PETER GABRIEL, Up (Virgin/Real World, 2002)

È stato scritto che “Up” non è un brutto disco, ma che risente quasi di un eccesso di cura: troppo ‘pensato’, insomma.

Posto che i ritmi di creazione sono affare personale e regno incontrastato della relatività (e della insindacabilità), ciò che invece colpisce di “Up” – così come di “Ovo” – è la persistenza, nella musica di Gabriel, dell’elemento più melodico e ‘popolare’ accompagnato a quello più sperimentale, fusi con la solita rara perizia.

Siamo agli antipodi di un’opera di laboratorio: perché la ricerca è sempre stata connaturata nel musicista britannico, spontanea come in pochi altri. E spontaneo è Up, come spontaei erano i Genesis del tempo che fu, grintosi e delicati, mutevoli e multiformi come la voce del loro cantante. Tutto questo ritroviamo ancora adesso, in un’opera che ha il placido charme del suo autore, il lento ma imponente scorrere di un largo fiume in pianura, la sicurezza di chi non ha l’assillo di produttori e casa discografica, di chi fa musica da ascoltare, non da vendere: di nuovo come i Genesis, o i Van der Graaf Generator.

Sembra quasi di risentire certi rimproveri di allora, quando scrivere canzoni rock con più di due accordi o testi un po’ più complessi e raffinati del solito veniva imputato ad elitarismo e virtuosismo fine a se stesso. Sotto diverse spoglie, un po’ camuffati, certi luoghi comuni rispuntano come i funghi.

Autentico erede, dalla fine dei settanta in poi, della vitalità e originalità della sua vecchia band, Peter Gabriel lo è in realtà – insieme a pochi altri – anche dello spirito di ricerca che aveva animato le migliori formazioni del prog: non si è mai appiattito nella nostalgia e nel ricordo, ma nemmeno si è mai fatto catturare dalle mode del momento; non si è, infine, chiuso nel vertiginoso ma esasperato e ripetitivo sperimentalismo tecnicistico, da esteti dello strumento, che contraddistingue ormai i King Crimson.

Non è David Bowie, dominato dalla fregola della continua novità, del sorprendere per il sorprendere, non è come i Radiohead, che dopo l’ottimo, estenuante “O.K. Computer” si sono lanciati nella pregevole ma finta avanguardia – molto più tradizionale dell’apparenza – di “Kid A”: Peter Gabriel ha, molto semplicemente, uno suo autentico stile. E, credete, non è una banalità. Perché per stile noi intendiamo la varietà sotto un comune denominatore. Prova ne sia la tenuta di “Up”: regge tutti i suoi sessantasei minuti, senza un cedimento.

Un piccolo mondo a sé, dove si sublimano i generi del rock, dal pop alla dance alla world music (c’è perfino la bossa nova di “No Way Out”!), in un superiore distillato dal sapore unico, dove l’elettronica non soffoca, ha il volto umano e cordiale del pianoforte: programmazioni e Bösendorfer. Già “Ovo” era così. L’uomo, la voce, è la stessa che cantava “Seven Stones” o “Dancing with the Moonlight Knight”, “Time Table” o “The Lamb…”: pezzi che tornano alla mente in certi momenti, perché la fiammella che cova, sotto sotto, è sempre la stessa.

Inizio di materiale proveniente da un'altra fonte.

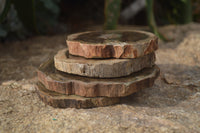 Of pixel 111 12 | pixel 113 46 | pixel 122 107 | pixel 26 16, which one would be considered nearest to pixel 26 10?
pixel 26 16

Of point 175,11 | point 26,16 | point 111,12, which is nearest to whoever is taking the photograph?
point 111,12

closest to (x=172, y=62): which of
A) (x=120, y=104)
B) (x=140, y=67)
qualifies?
(x=140, y=67)

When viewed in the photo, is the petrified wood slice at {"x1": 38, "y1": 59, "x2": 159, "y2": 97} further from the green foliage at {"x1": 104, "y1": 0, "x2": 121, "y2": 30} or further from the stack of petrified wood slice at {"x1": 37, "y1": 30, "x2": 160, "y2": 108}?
the green foliage at {"x1": 104, "y1": 0, "x2": 121, "y2": 30}

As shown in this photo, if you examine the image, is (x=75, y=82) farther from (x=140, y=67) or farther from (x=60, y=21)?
(x=60, y=21)

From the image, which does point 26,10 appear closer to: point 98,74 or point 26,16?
point 26,16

“The Drop”, duetto pianoforte-voce che chiude l’album, da sola, varrebbe l’acquisto; ha il sapore buono e malinconico di grandi cose passate ancora ben presenti, che non muoiono e si rinnovano; quel canto flebile e tremolante è come un saluto per l’ascoltatore, una ninnananna cantata in un soffio: forse il brano più spontaneo e semplice, quasi spiazzante, che ci sia capitato di sentire ultimamente: e certamente non ha richiesto anni per essere perfezionato.

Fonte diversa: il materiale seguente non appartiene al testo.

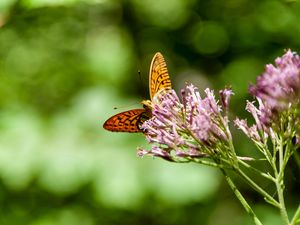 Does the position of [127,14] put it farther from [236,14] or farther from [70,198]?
[70,198]

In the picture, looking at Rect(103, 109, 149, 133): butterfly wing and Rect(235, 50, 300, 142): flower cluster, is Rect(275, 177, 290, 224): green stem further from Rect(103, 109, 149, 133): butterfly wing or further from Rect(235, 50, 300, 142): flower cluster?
Rect(103, 109, 149, 133): butterfly wing

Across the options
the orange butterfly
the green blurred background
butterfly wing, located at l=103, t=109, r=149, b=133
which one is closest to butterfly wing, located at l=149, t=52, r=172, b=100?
the orange butterfly

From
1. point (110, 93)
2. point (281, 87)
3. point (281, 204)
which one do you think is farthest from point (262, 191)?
point (110, 93)

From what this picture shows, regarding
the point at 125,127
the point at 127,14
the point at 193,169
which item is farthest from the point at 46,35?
the point at 125,127

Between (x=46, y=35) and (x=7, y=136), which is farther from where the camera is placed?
(x=46, y=35)

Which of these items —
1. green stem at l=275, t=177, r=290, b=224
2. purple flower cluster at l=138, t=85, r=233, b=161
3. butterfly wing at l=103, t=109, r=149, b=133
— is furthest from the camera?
butterfly wing at l=103, t=109, r=149, b=133

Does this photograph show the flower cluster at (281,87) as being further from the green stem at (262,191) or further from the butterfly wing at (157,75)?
the butterfly wing at (157,75) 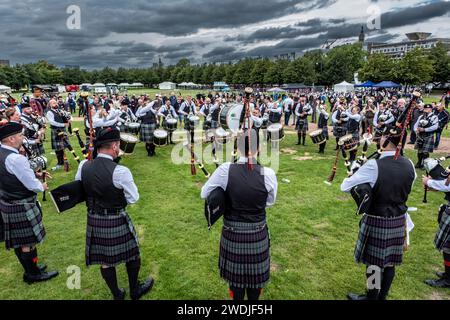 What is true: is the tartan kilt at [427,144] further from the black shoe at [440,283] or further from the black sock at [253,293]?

Per il resto è arduo scegliere il meglio: tirando a sorte, indichiamo, fra le altre nove ampie tracce – e lasciando da parte per comodità il gabrielianissimo singolo “The Barry Williams Show” – la possente “Darkness”, “Sky Blue” e la distesa (dà un po’ il ‘la’ a tutta l’opera) “I Grieve”, matura espressione della complessa semplicità dell’autore, dove l’accelerazione ritmica centrale – e la corrispettiva modulazione melodica – si innestano morbidamente e con splendida naturalezza, dando vita ad un episodio di classica ed epica compostezza, un ineffabile blues del futuro.

La band comprende i fedelissimi Manu Katche alla batteria, Tony Levin al basso e David Rhodes alle chitarre. Delle tastiere (fra cui il mellotron in tre tracce) si occupa pressoché ovunque l’autore.